Some Books to Read Now

Love, quakes, and S.F. in this month’s best new releases.

Kiss & Tell: A Romantic Résumé Ages 0-22 (Harper, $16)
By: MariNaomi
Published: March
Of interest because: Fearless, funny, tender, unsparing cartoon memoirs, people. S.F.'s own MariNaomi shows us how it's done.

Gist: Sex. Drugs. Feelings. Autobiographical comics thereof.

Sample text: (from "Thad — aka 'Rami'") "He didn't get sarcasm. 'That's just fucking great.' 'You like that?'"


San Francisco in the 1930s: The WPA Guide to the City by the Bay (UC Press, $25)
Published: April 5

Of interest because: The titular decade might seem long gone, but that's when FDR's New Deal gave us the Works Progress Administration, which gave us the Federal Writers Project, which gave us this densely literate and literary guide, which keeps on giving.

Sample text: (from the introduction by former Chron book critic David Kipen) "Reading the San Francisco guide is the second-best cure for homesickness, short of a ticket, that any shanghaied Northern Californian could ask for. (And if you're rusty on the etymology of shanghai, page 122 is there for you.)"


A Journey with Two Maps: Becoming a Woman Poet (Norton, $27)
By: Eavan Boland
Published: April 11

Of interest because: Boland, born in Dublin, Ireland, is now the director of Stanford's Creative Writing Program.

Gist: Highly intelligent, implicitly feminist collection of interrogative, autobiographical lit-crit essays

Sample text: (from "Reading as Intimidation") "In a culture which warns that the treasures and complications of the mind might be beyond the reach of a young woman, I instinctively look for texts that seem to promise their availability.

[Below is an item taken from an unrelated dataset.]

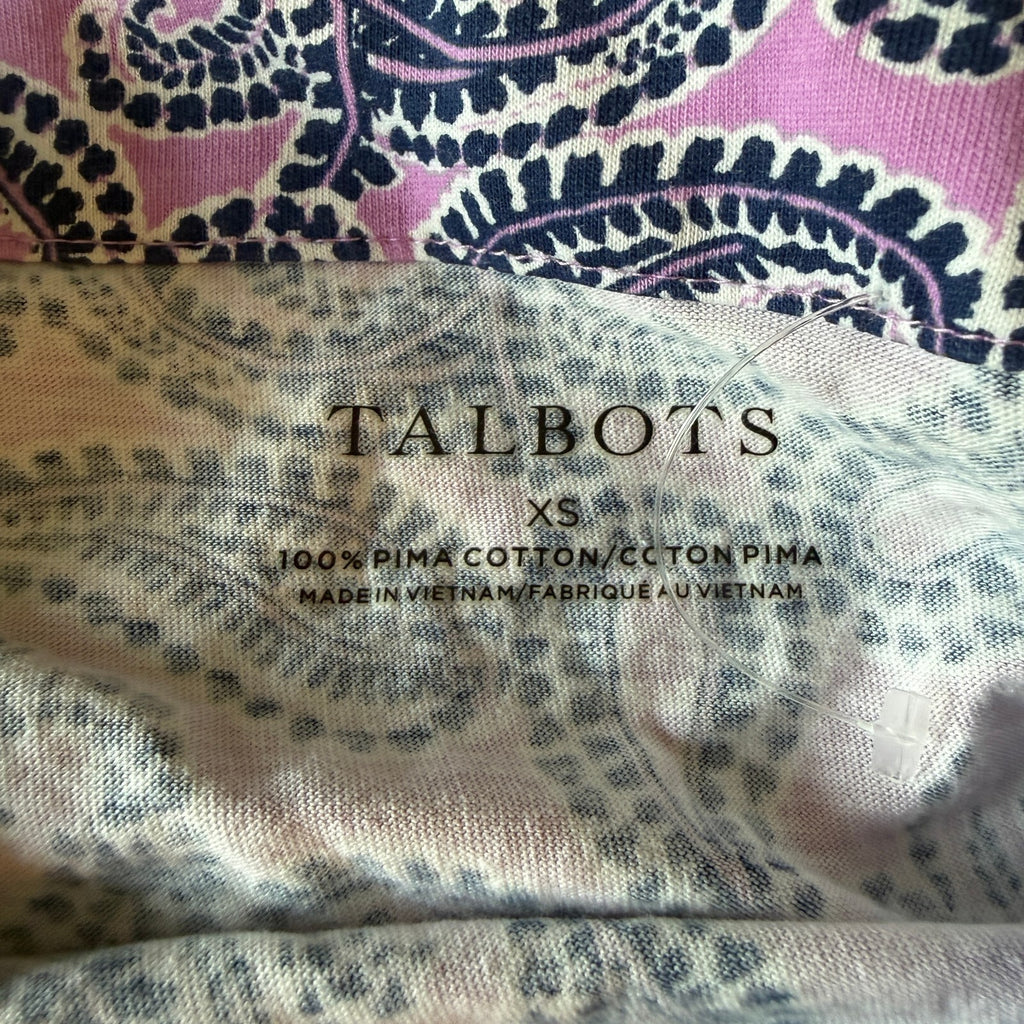 Talbots Pima Cotton Purple Navy Paisley Print Short Sleeve Top Size XS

And I select difficult poems because I feel clever and safe reading them."


Mister Wonderful (Pantheon, $20)
By: Daniel Clowes
Published: April 12

Of interest because: Sardonic love stories in graphic novel form, especially from Oakland's Clowes, usually are of interest.

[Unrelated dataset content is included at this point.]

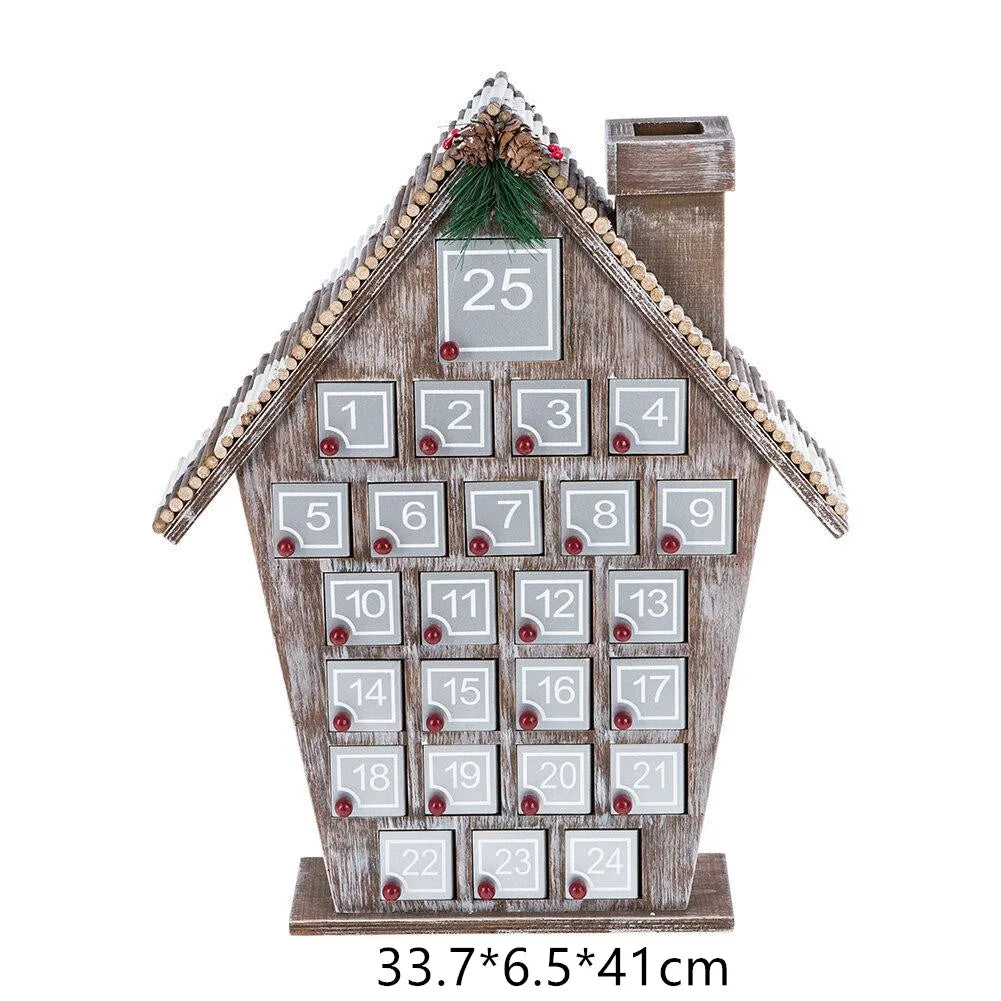 Calendrier de l'Avent en bois avec 25 tiroirs de rangement en forme de maison de Noël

Gist: This being Clowes, that title is ironic.

Sample text: "An hour ago, you were slinking home to stick your head in the oven, and then you punched a homeless man in the face, and now, here you are."


Cascadia's Fault: The Coming Earthquake and Tsunami That Could Devastate North America (Counterpoint, $26)
By: Jerry Thompson
Published: April 28

Of interest because: Did you get that part about how it's the coming earthquake and tsunami that could devastate North America? Hey, at least it's Cascadia's fault and not ours, right? No. That is not right. Not at all.

Gist: See above.

Sample text: "The scariest part was that all of this happened in the middle of the night, so people living there never saw the tsunamis coming."